Q: A business’s agility is what allows them to rapidly grow its revenue streams, respond to customer needs and defend against disruption. But is that enough?

A: Agility is a company’s number one business advantage. It is a business’s agility that allows them to rapidly grow revenue, respond to customer needs, and defend against disruption. It is the need for agility that drives digital transformations and causes organizations to define new ways of working, develop new application architectures, and embrace cloud and container technologies.

However, agility with stability is the critical competitive advantage. Companies that can meet evolving customer needs – while staying out of the news for downtime and security breaches – will be the winners of tomorrow.

Q: How exactly does a service mesh get you agility with stability?

A: Because a service mesh sits below the application and above the network – and has a control plane that can consume and apply policy – it enables development and platform teams to work together while focusing on their specific areas of expertise so companies can deliver solutions to their customers that are performant, secure and compliant.

In addition, a service mesh handles encryption and provides visibility into an application’s behavior like no other technology. It can see the “final product” of the application or service as an outsider and provides a unique perspective on that service’s behavior, performance and communication patterns.
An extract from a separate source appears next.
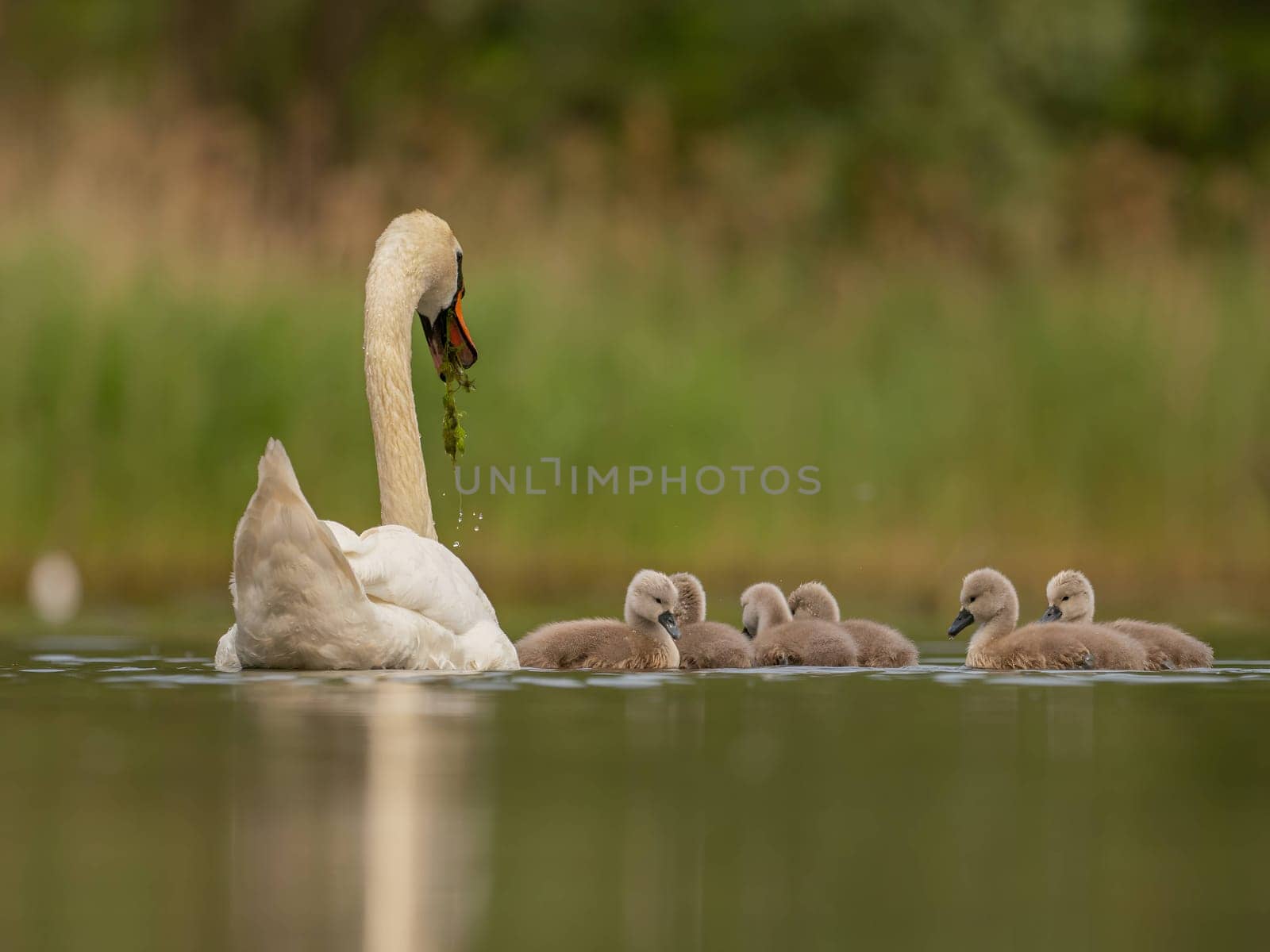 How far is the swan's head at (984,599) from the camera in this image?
8.95 metres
This allows operators to operate, manage and scale those services based on their actual needs and the end users’ experience.
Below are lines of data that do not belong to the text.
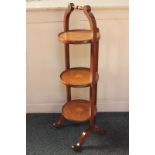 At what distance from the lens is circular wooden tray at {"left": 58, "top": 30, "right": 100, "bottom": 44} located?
5.85ft

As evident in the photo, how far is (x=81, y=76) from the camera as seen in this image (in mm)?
1990

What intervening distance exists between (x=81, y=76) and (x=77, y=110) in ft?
0.92

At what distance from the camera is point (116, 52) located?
217 centimetres

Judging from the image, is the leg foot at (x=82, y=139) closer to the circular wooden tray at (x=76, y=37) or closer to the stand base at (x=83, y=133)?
the stand base at (x=83, y=133)

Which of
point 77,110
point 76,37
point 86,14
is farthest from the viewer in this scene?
point 77,110

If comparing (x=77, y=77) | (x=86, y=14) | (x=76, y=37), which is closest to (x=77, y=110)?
(x=77, y=77)

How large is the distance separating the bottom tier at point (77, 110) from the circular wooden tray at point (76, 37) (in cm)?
54

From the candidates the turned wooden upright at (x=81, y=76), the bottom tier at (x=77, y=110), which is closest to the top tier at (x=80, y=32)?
the turned wooden upright at (x=81, y=76)

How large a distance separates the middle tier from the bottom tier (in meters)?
0.27

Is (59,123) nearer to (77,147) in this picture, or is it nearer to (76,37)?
(77,147)

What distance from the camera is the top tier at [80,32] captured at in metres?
1.72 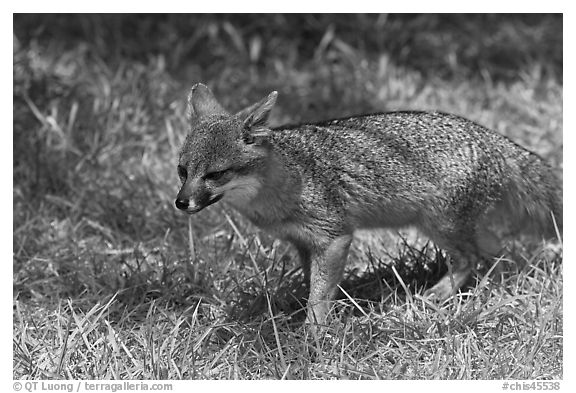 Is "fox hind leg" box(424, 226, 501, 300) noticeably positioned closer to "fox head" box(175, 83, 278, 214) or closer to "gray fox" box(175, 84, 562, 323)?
"gray fox" box(175, 84, 562, 323)

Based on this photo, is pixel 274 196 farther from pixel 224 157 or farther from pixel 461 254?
pixel 461 254

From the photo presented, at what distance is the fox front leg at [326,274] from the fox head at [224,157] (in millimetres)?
570

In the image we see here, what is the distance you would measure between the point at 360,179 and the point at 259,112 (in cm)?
85

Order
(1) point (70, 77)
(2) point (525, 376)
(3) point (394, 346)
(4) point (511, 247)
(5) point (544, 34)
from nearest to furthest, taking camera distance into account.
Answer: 1. (2) point (525, 376)
2. (3) point (394, 346)
3. (4) point (511, 247)
4. (1) point (70, 77)
5. (5) point (544, 34)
Q: Service mesh is a useful tool, but when does it make sense for an organization to consider adopting one?

A: It is true that the service mesh pattern has been around for a few years, but it is still an early market for the technology and surrounding products. Specifically at Aspen Mesh, we have been working with customers in this area for over two years and realize that each organization is different in their maturity and needs when it comes to Kubernetes and microservices. A company may adopt service mesh early in order to meet compliance needs. Some organizations run into challenges in production and need visibility, while others may need to reduce errors caused by lack of engineering expertise on their development teams.

In general, you probably need a service mesh if you can no longer draw your microservices topology on a sheet of paper, or hold it in your head. This usually happens for our customers at about 15-20 microservices.
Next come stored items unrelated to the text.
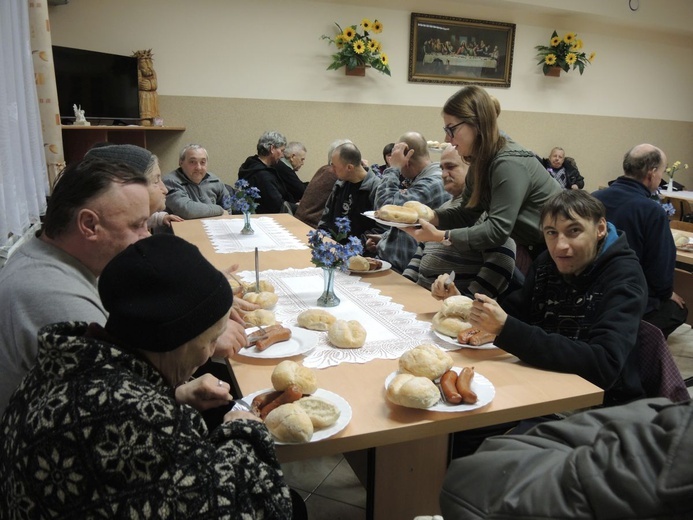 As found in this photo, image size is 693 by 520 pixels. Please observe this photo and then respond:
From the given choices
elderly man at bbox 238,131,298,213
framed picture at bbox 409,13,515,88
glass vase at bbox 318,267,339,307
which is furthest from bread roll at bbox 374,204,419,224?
framed picture at bbox 409,13,515,88

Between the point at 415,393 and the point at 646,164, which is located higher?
the point at 646,164

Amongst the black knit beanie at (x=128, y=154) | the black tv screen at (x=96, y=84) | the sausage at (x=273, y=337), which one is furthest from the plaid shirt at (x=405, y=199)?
the black tv screen at (x=96, y=84)

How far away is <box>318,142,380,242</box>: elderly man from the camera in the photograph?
353cm

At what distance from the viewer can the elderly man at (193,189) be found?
4145 mm

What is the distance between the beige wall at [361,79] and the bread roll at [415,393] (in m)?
5.37

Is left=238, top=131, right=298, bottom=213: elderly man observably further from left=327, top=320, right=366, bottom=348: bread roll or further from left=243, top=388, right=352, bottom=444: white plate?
left=243, top=388, right=352, bottom=444: white plate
Q: What are some of the top use cases you are seeing service mesh used for?

A: Kubernetes and containers is a journey for most organizations. Along that journey, road-blocks will be encountered that must be addressed. The most common path for the organizations we talk to involves:

  • Understanding what services they have deployed and how they are communicating,
  • How they can make their platform and applications comply with either company or regulatory requirements, and
  • How they ensure they are providing the best possible user experience and reducing downtime.

Therefore, the most common use cases we see our customers implementing a service mesh for include visibility, observability, and encryption of service-to-service communication. More recently, we’ve seen adoption increase for operational benefits that allow them to quickly identify, diagnose and resolve customer-impacting problems.

Q: What do you see for the future of service mesh? How will it help organizations overcome the challenges associated with uncertainty?

A: Service mesh is a new frontier, and despite all the recent attention, is still a nascent market and pattern. This is due to its strategic point of control in application architectures and its ability to operate in a transparent and distributed manner. More and more companies, as they move from proof-of-concept to production with their new application architectures, will come to rely on a service mesh to provide a consistent layer in which they are able to control and manage their services while ensuring that all applications are optimally performing and meeting compliance and security requirements.

As service meshes mature, they will become a critical piece of infrastructure that enables organizations to maximize their true competitive advantage of agility with stability.